Gemessen an Jahrgang und (heutigem) Status des Weinguts keine Offenbarung, aber ein sehr schöner, hervorragend gereifter Bordeaux. Hat offensichtlich viel Zeit gebraucht, denn der Wein gefällt mir jetzt besser als die ersten beiden Flaschen, die ich in grauer Vorzeit getrunken habe.

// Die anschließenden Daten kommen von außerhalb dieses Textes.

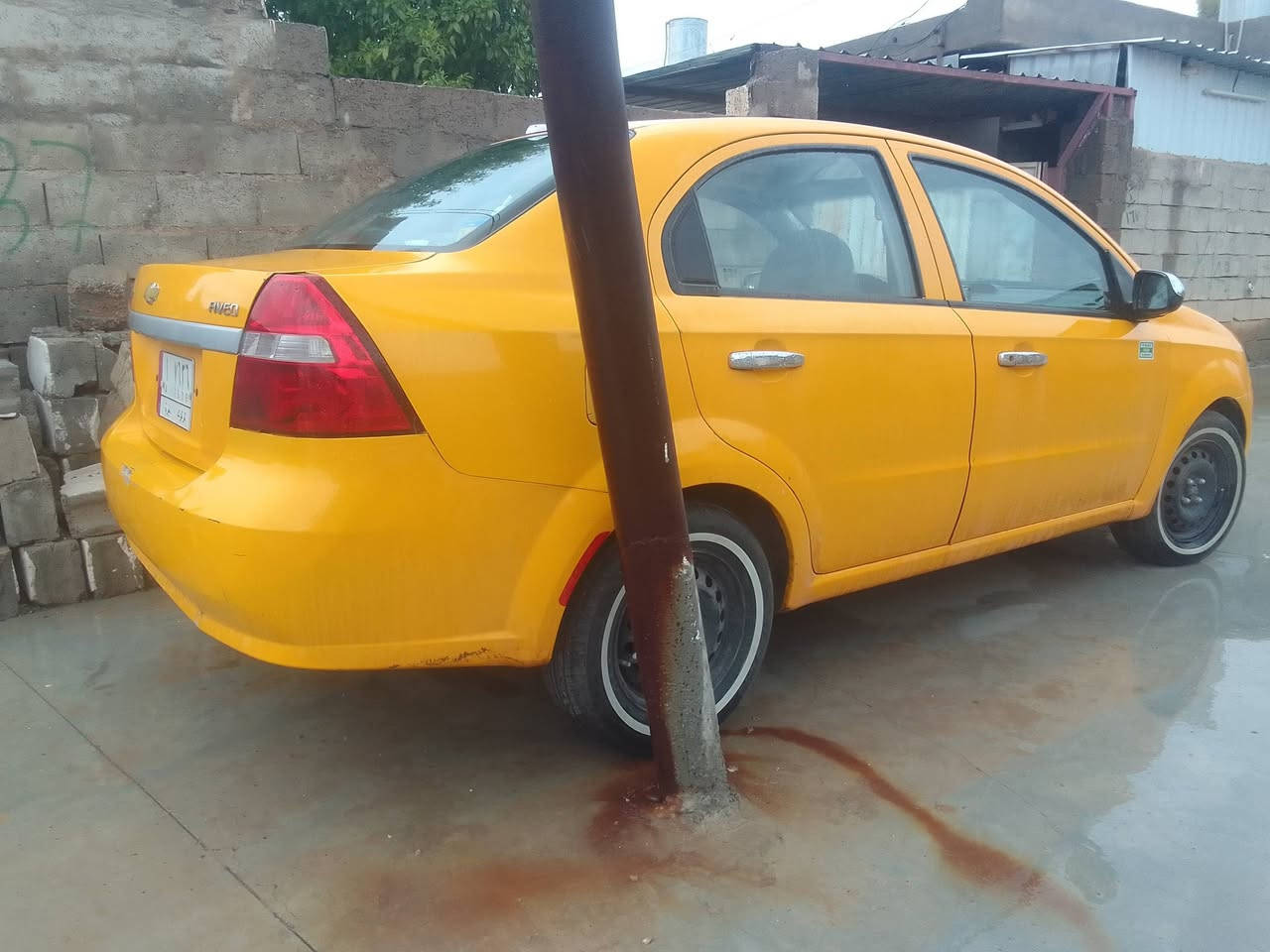 سلام عليكم افيو تكسي موديل 2008سياره جديده بيهه جاملغ واحد بس بدون شاصي تصفيات كلش قليله سياره لوووك صبغهه حيل حلو كير مكينه صدر تايرات كله جديد بطاقه بانزين هم بيهه شرط تحويل سياره مابيهه كل نقص لشارع مابيهه كل مصرف جاهزه مكاني كركوك سعر 55بيهه مجال لطيبين ***********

91-93, wird sicher nicht mehr besser, dürfte sich aber noch ein paar Jahre auf dem Niveau halten

Freitag, 12. Januar 2024

Ahr-Spätburgunder

Nachdem vor einiger Zeit Rieslinge von der Ahr an der Reihe waren (guckstu hier) nun wieder Spätburgunder. Eine bunte Mischung von Weinen, die im Herbst letzten Jahres bei uns "unter die Räder" kamen.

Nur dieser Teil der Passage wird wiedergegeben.